A mis abuelos les encantaba ver Cine de Barrio, sobre todo cuando echaban alguna de Paco Martínez Soria o de Alfredo Landa. Entonces oía desde la salita reír a mi abuelo, y más tarde a mi abuela. Y yo corría desde la siesta al calor del salón y merendaba, y de fondo sonaba aquel ‘Bienvenidos a Sine de Barrio”.
Con la marcha de Carmen Sevilla no se va solo una bellísima actriz y uno de los referentes culturales de nuestro tiempo. También decimos un poco más adiós a ese mundo hoy ya extraterrestre, sin móviles y sin mayor compañía que la de otros seres humanos en torno a un televisor.
Hoy está más lejos ese aroma a cocido que impregnaba la casa de los abuelos. Ese “buenos días” de los yayos mientras te quitabas las legañas, que es el más tierno del mundo. Esas fotos en blanco y negro de una generación que usaba brillantina para el tupé. La ropa de los domingos coge polvo en los armarios de esas casas donde un día resonó la voz de Carmen Sevilla. La Rosalía de entonces, la dama admirada por las mujeres y a la que aspiraban a enamorar los hombres.
Por aquel Cine de Barrio pasó el cascarrabias y brillante Fernando Fernán Gómez y su patético personaje en El fenómeno, donde interpreta a un catedrático al que confunden con una estrella de fútbol. O Alfredo Landa, que inventó el postureo de Instagram en Vente a Alemania Pepe, cuando su personaje cuenta maravillas de su penosa experiencia en el país teutón.
Una España cateta, sí, pero menos egocéntrica. Hoy el ego lo ha destruido todo, una sombra más alargada que la del ciprés que nos impide ver más allá del yo. Ego bye bye, predicaba el actor Robin Williams. Una España que se reía de su paletismo, porque si algo se nos da bien es reírnos de nosotros.
Carmen Sevilla ya no está, y tampoco mis abuelos me dicen ya adiós desde el balcón de su casa. Siempre, cuando tocaba volver donde mis padres, se asomaban, uno a cada ventana, y miraban y sonreían. Y yo les devolvía el saludo y me iba feliz porque sabía que habría otra tarde de Cine de Barrio y de merienda.

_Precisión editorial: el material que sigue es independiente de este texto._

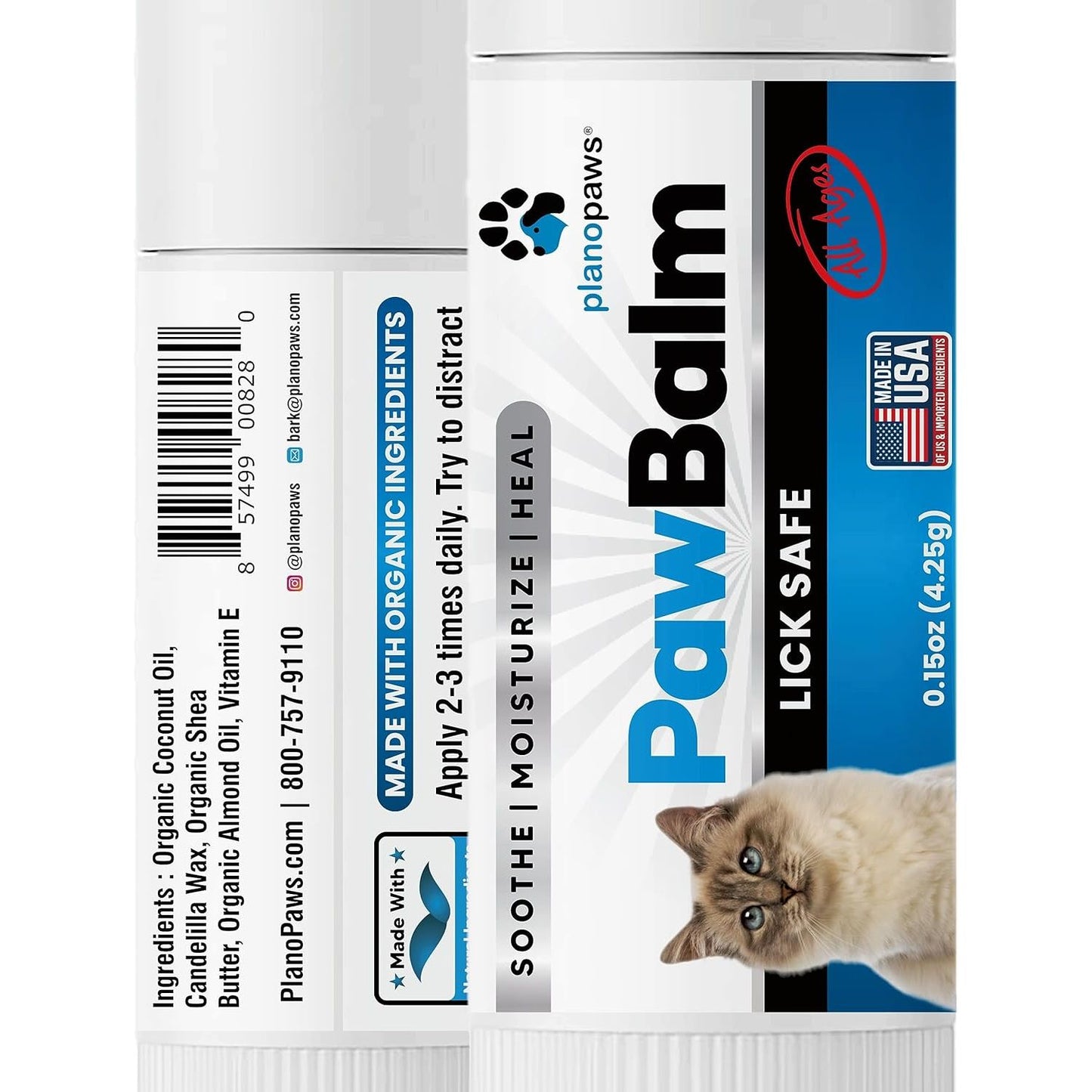 Lick Safe Natural Cat Paw Balm - 0.15 Oz Vet-Recommended Moisturizer for Healthy, Hydrated Paws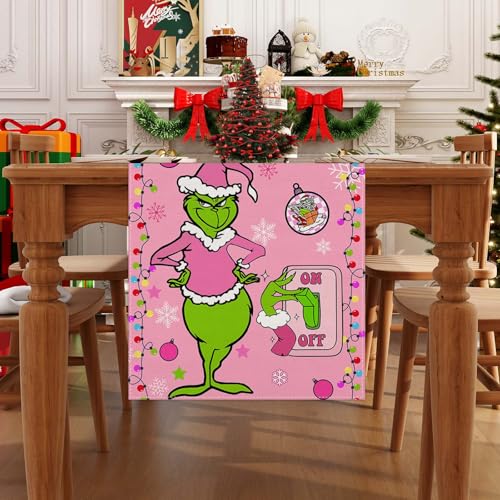 Linen Pink Christmas Table Runner 72 Inches Long Pink Christmas Decor Christmas Xmas Winter Holiday Home Kitchen Dining Room Table Decorations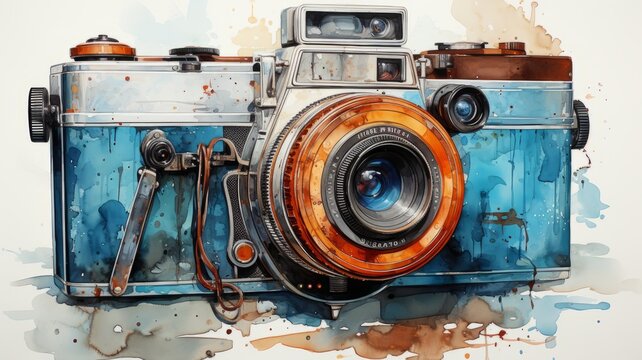 An illustration of an old retro camera in colorful watercolor paints, isolated on a white background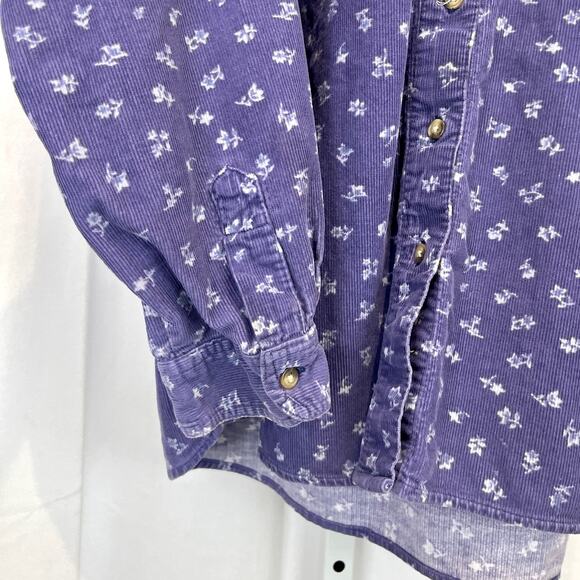 VTG DISNEY Pooh Corduroy Button Shirt Embroidered Tigger Floral Cotton Purple XL - Picture 5 of 10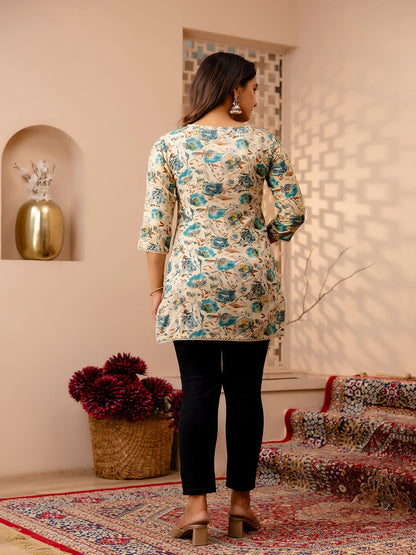 Off White And Green Printed Straight Tunic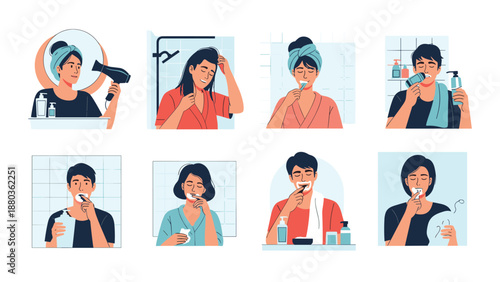 A set of illustrations showing people's daily morning hygiene routines like brushing teeth, washing, shaving, and drying hair.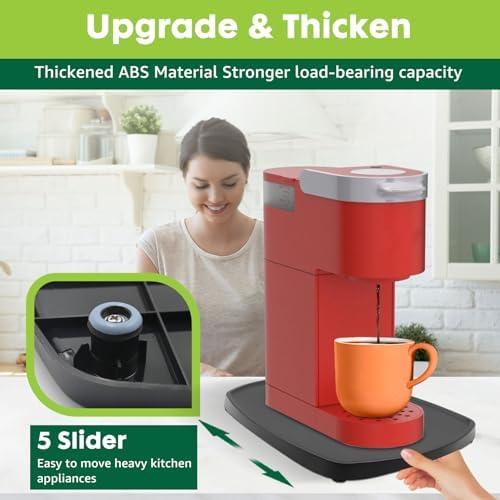 Appliances Slider Tray for Coffee Maker & Coffee Pot, Kitchen Small Appliances Sliding Mat Countertop Organizer, Coffee Bar Accessories Storage Sliding Board for Keurig, Ninja, Toaster(11.4''×13.3'')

Oscar Wilde dijo en una entrevista que en su obra teatral Mi marido ideal buscaba transmitir un mensaje, que era que había que restar importancia a las cosas serias y dársela a las que parecen simples. Aunque parezca una boutade, razón no le falta. Al final son esas pequeñas cosas las que conforman nuestro ecosistema y el inclemente Cronos se encarga de irnos arrebatando una tras otra. Va desapareciendo el decorado que nos alumbró y solo nos queda mirar el álbum de fotos, transitar por la memoria como el que hace zapping en una tele cada vez más codificada.
Carmen Sevilla se ha ido, y por alguna razón yo sigo en ese salón. Puedo oír las campanadas del reloj dar la hora. A mi abuelo preguntarme qué tal en clase, e insistirme con vehemencia: “Tú siempre sé tú mismo, eh. Tú siempre tú mismo”. Y de fondo aquella voz: “Bienvenidos a Sine de Barrio”.